The dividends paid in the year KES 1 (50 cents interim and 50 cents final) translate to a yield of 9.01%.

Recommendation:
The share is a long term buy. The recent steep fall in price following the shares going ex-dividend presents an opportunity to take a position cheaply. Demand for tea, coffee and for agricultural commodities in general is expected to rise with the expected growth in income and population in the region and in Sasini’s export markets.

There are major risks such as exchange rate fluctuations and change in climatic conditions. A steep rise in the shilling or a major drought will deal a significant blow to Sasini’s performance.

Link: Sasini Financial Data

Kenya: Rea Vipingo Year ended September 30, 2011

Financial performance review
Rea Vipingo, East Africa's leading sisal producer, reported a 594% growth in profits after tax. Net income climbed from KES 67.3 Million to KES 467.2 Million.

Gross Margin for the period was 58%. The Net Profit Margin was 22%.

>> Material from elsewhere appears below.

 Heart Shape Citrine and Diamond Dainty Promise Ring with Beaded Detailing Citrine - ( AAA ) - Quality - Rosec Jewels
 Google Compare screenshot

Operating environment and outlook
The firm’s recent success is attributed to favourable weather conditions that led to a bigger and higher quality sisal yield from its farms in Kenya and Tanzania, along with the weakening of the Kenyan shilling against the dollar translating into higher income in the local currency.

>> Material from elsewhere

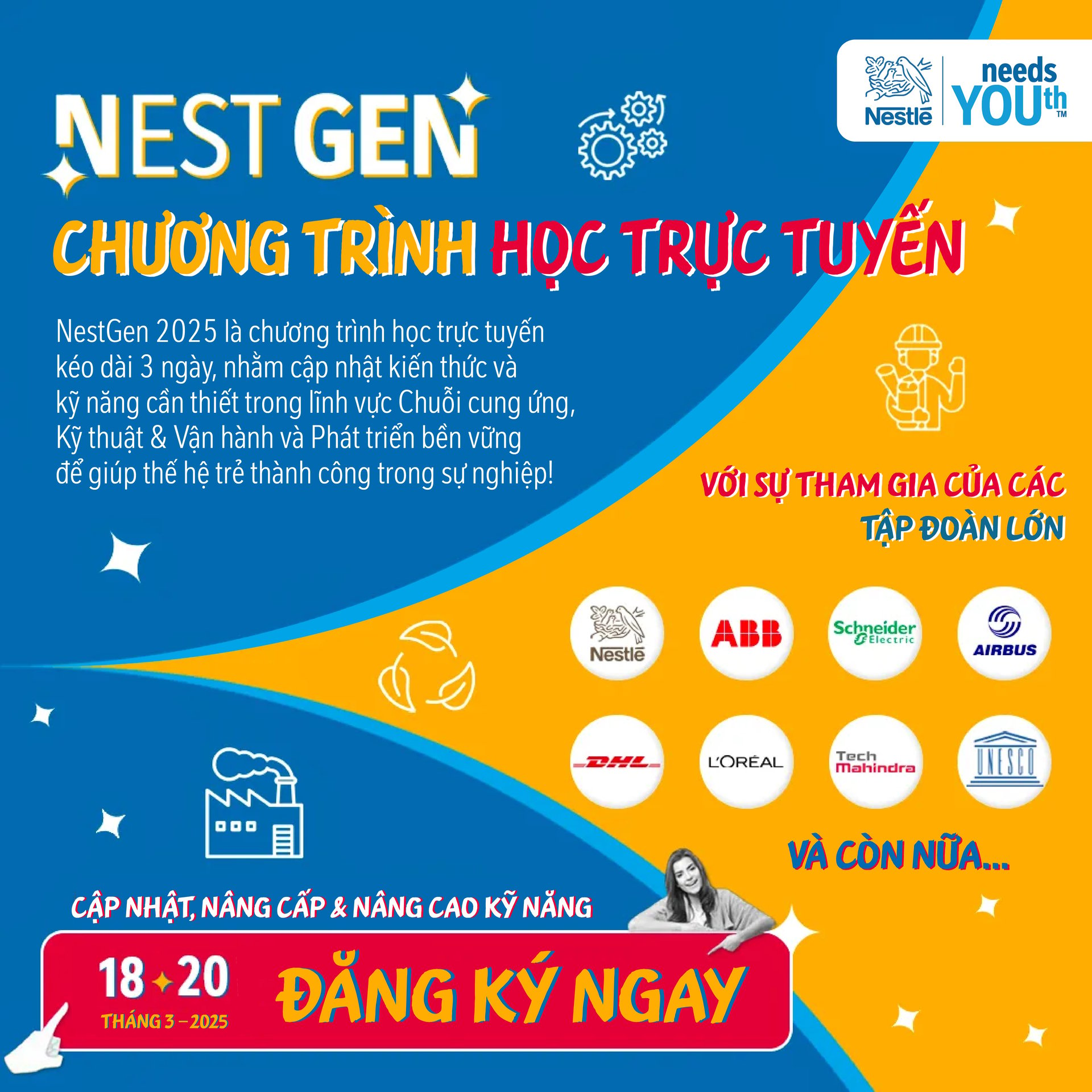 Nestgen 2025 là chương trình học trực tuyến hoàn toàn miễn phí mang đến kiến thức chuyên sâu về nhiều lĩnh vực.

Operating costs have been climbing but with the now stable exchange rate and favourable weather conditions the performance of the company is expected remain strong in 2012.

The company plans to diversify into horticulture production; a high potential income stream which should shield the company from volatility in the prices of sisal.

Investment analysis and recommendation
The share is cheap on a PE basis, and in the long term the global demand for sisal is expected to grow. At the current price of KES 16.15 Rea Vipingo’s trades at a P/E ratio of only 2.07.

The proposed dividend payout of KES 1.10 a share translates to a dividend yield of 6.8%.

Recommendation:
The share is a long term buy

The main challenges are the low liquidity of the shares (daily traded volumes are less than 50,000) and volatility of the share price.